Fathom is that company that offers one night (concert, movies, opera, theater, etc) programming digitally streamed that theaters can sign on for. Apparently their occasional partnership with (sob!!) TCM is going well, because they have more such stuff planned over the next couple of months. Check the Fathom site to see if any of these shows are playing at a theater near you.

Aug 16th: A Rifftrax presentation of Manos, the Hands of Fate.

Aug 22nd, TCM presents Singin’ in the Rain.

Sep 19th TCM presents The Birds.

Oct 24th TCM presents Frankenstein and The Bride of Frankenstein.

Nov 15th TCM presents To Kill a Mockingbird.

That monthly schedule is more than they were doing before. How I’d love it if they did weekly shows like this, maybe on Tuesdays, when admissions are typically light.

Again, I have to ask, though: When are they going to figure out how to do big sporting events. Either the money’s too low, now, or the rights are too tangled. Still, it’s a mystery to me why you can’t go see, say, the Super Bowl in a theater with a crowd.

  • Streaming movies in a theater? That sounds terrible (quality-wise). The last film I saw theatrically (which it pains me to say was PIRANHA 3-D) was a digital presentation and it was awful (and that, presumably, was a professional, theater-intentional set-up). I’ve already decided, IF there’s another movie comes out that I risk seeing it on the big screen, it’ll be at the drive-in theater.
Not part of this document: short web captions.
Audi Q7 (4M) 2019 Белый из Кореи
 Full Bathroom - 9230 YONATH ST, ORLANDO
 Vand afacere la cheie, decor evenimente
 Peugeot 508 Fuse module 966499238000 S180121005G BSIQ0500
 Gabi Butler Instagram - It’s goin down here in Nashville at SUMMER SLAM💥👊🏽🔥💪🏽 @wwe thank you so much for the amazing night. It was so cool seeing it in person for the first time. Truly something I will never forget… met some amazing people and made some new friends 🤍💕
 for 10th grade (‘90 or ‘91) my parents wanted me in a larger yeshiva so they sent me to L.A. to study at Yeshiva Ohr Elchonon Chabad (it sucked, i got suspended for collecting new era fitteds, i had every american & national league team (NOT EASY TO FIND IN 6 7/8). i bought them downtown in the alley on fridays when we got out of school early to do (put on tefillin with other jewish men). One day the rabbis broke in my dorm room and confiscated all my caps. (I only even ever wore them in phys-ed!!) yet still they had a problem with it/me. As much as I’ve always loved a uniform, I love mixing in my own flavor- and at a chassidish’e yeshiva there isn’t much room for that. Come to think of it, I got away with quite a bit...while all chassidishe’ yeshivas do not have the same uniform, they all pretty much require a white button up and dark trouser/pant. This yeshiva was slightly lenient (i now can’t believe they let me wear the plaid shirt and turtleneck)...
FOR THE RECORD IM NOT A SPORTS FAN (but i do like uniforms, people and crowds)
They HAVE to use actual film prints.

  • Ken_Begg

    I don’t think Hollywood makes much of anything on film, anymore. Any theaters, inside or outside, that rely on film prints are in for tough sledding.

    Its early days for the digital projection business, but it’s leaping by bounds. I prefer it to nothing, and if DP makes it financially feasible to bring back revival houses, I’m all for it.

  • Well, I guess I’ll have to give you that one. It WOULD be nice to see more stuff like this get seen. Still and all, it’s rough times for everything cinematic. There was a time when going to the theater was special, because it would be a different experience from catching the same film at home when it eventually turned up on television. These days, the mainstream films don’t look any better than the TV product, so it’s hard to care about getting the theatrical experience anymore.

  • The Rev.

    Chelsea and I caught a presentation of the Rifftrax guys’ Christmas special a couple of years ago.  The quality was just fine for us.